Adobe also provides PDF reader apps for Android, iOS and even Windows Phone. Sign up for a free Adobe Document Cloud account and you can store important documents in 2GB of cloud storage (more space is available if you upgrade) and access them from anywhere.
Despite its simple appearance, Adobe Reader DC is hugely configurable. The leading free PDF readers have duplicated some of its settings, but Adobe Reader has many more, particularly in advanced areas such as security and signature management.
Best of all, you can be sure Adobe Reader DC will display even the most complex PDF correctly. If there is a problem, regular updates ensure it'll be fixed quickly. Gaaiho PDF Reader has received only two minor bug-fix updates since September 2016, for instance – Reader DC typically gets updates every month or two.
Our previous picks have all been great PDF readers, but they're also very similar, all trying to do much the same job, and in much the same way. There are many more specialist tools which have nothing like the same PDF-viewing power, but which could still be the best choice in some situations.
CDisplay Ex is designed as a comic book reader for viewing .CBR, .CBZ. .CBT and other formats, but it also supports PDF.
The package is very basic by the standards of the competition. It's purely a viewer, with no annotation features, no ability to add notes or attach files, and no security tools, file sharing options or anything else.
This simplicity has its pluses, though. CDisplay Ex is compact, taking up just 10% of the size of Foxit Reader. It's fast to load and easy to use, and the interface is just a menu and a tiny toolbar – and you can even hide that if you prefer the minimalist look.

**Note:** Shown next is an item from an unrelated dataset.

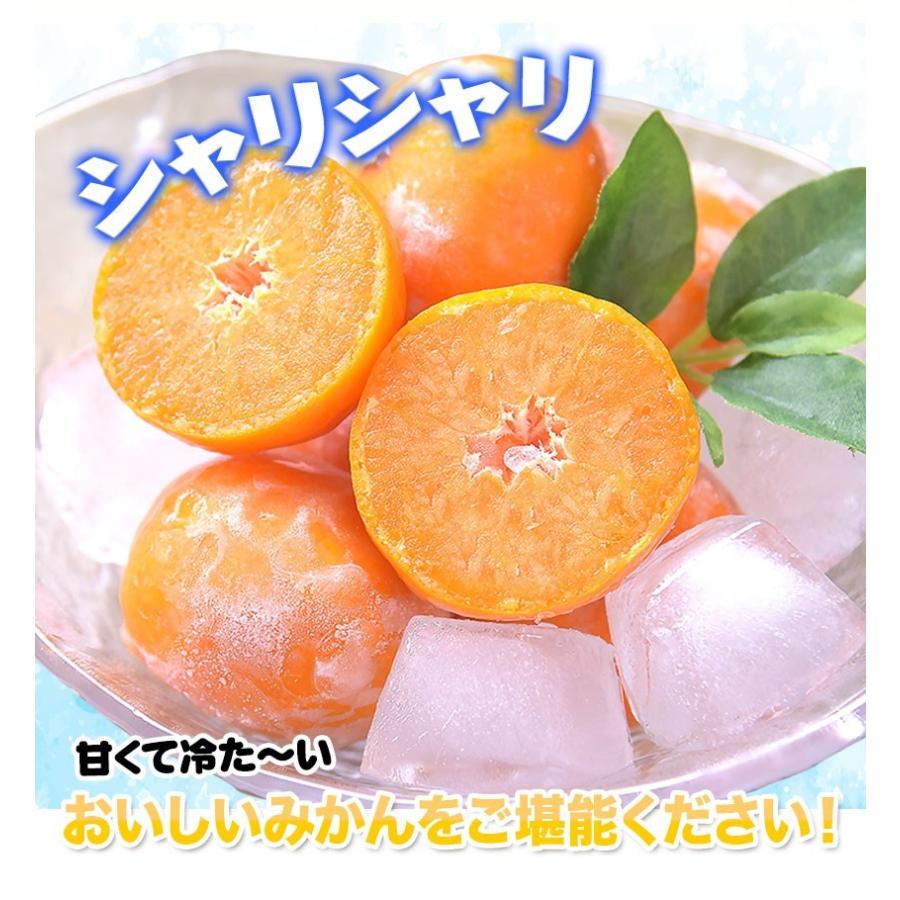 セット購入でおまけ付き 冷凍 小玉 みかん 皮付き 熊本県産 1.5kg 500g×3袋 送料無料 フルーツ シャーベット アイス 7-14営業以内発送予定(土日祝除く)｜kumamotofood｜21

The program is optimized for viewing graphics. It has capable color-correction tools to optimize images, while support for Lanczos resizing keeps image quality high even when you zoom in.
Elsewhere, display modes allow CDisplay Ex to fit pages to a portrait, landscape or full-page view. Time-saving extras include slideshow viewing and the ability to automatically move from one file to another in the same folder. And if you don't like the default keyboard shortcuts for a function, no problem – you can redefine them all.
CDisplay Ex still has plenty of fundamental limits – you can't even search a document for text – but as a viewing tool only, particularly for image-based documents, it performs very well.
Nitro PDF Reader doesn't create a good first impression by demanding your name and email address just to download the program. Some of the competition also ask for your details, but generally it's optional, and you'll get extra benefits by signing up.
The program won us back on its first launch, though, automatically popping up a helpful Quick Start Guide to walk us through its key features.
Nitro's excellent PDF-creation tools come high on the list, with options to convert more than 300 top formats to PDF, or print from almost any other application to a PDF file. That's better than some specialist PDF creators, and could be worth the download all on its own.
A neat image extraction feature enables you to save all the images from a PDF in a couple of clicks.
Nitro's QuickSign tool allows you to build up an image library of handwritten signatures, and you can then apply any of them to your document with a click.
The viewing and annotation features cover the core essentials, but are still no match for the best of the rest. Foxit PDF Reader can add lines of text, insert text boxes and pop-up notes, highlight text and areas, draw multiple shapes, apply standard or custom stamps, and more. Nitro has some basic markup tools, and you can enter a line of text or add a note, and that's about it.
Nitro PDF Reader has more than enough power for most PDF viewing tasks, though, and it's far easier to use than some of the more heavyweight competition. If simplicity is top of your priority list, we'd say give it a try.